In the process of doing this, are you ever concerned about things like digital rot? Do we know how long...

We do. We do. I don't concern myself with digital rot. I believe that data files need to be constantly cloned every three to five years and my personal concept of digital is that it is good for eternity or seven years, whichever is shorter. Which is why CBS elected to spend a lot of money to allow me to record our 4K data files on My Fair Lady back to 65mm negative. So there is not an acetate but a polyester. Polyester doesn't degrade. This negative will be good for a thousand years.

You've been doing this for awhile, and you're pretty much synonymous with the notion of preserving and restoring films. What are some of your holy grails that you'd love to work on?

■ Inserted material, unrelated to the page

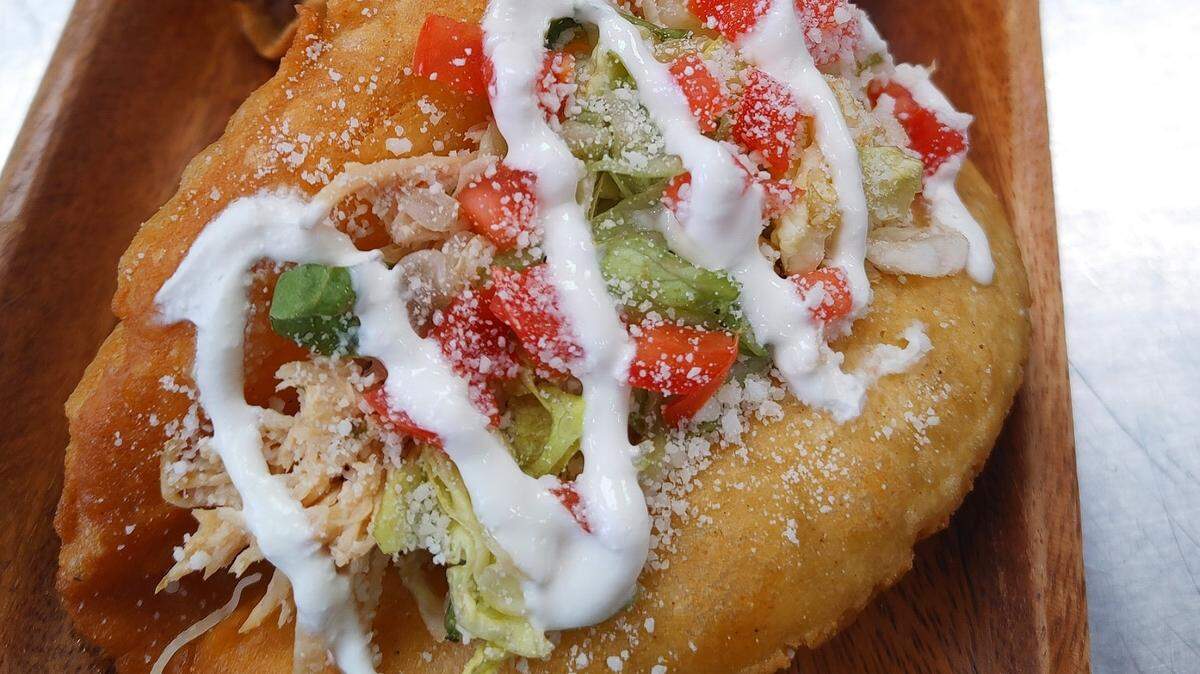 Tu One Oh Tacos’ 210 Puffy Taco.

There are a handful. I would love to do 2001, but that's at Warner Bros. and they don't really need anyone to come in and do it. But there's a list and some you can only do to a certain point. You know, we just finished Spartacus at Universal, which came out Tuesday and they went to the mattresses. They did everything that was necessary to make that perfect. And my hat is off to them. I guided them, but they were great.

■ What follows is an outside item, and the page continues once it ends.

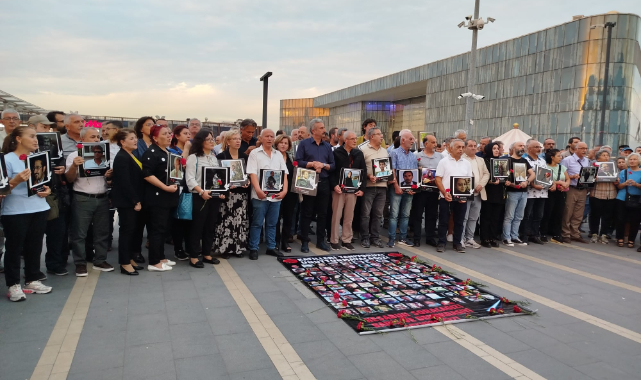 Ankara Garı'ndaki bombalı saldırıda hayatını kaybedenler Bursa'da anıldı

And there are...The economy is in a horrible state and with film moving away from film, and not only to data but to data that people are watching on iPads and through streaming, there's less of a necessity for the quality that we always had. So where you can take 300 hours to colortime an original negative and that could cost you, I don't know, half a million dollars, you can take an IP and put 20 hours into it and it will cost you $20,000.

And for an iPad or for a home video, it's fine. It doesn't give you an asset, but the studios unfortunately... and it's not that they want to, it's the economy or the economies, and they're all economies of measure, they can't afford to go back to 4K and camera negatives on everything.

I think all of us film buffs, when we hear about these restorations we kind of breathe a sigh of relief because we know here's one more that's been saved.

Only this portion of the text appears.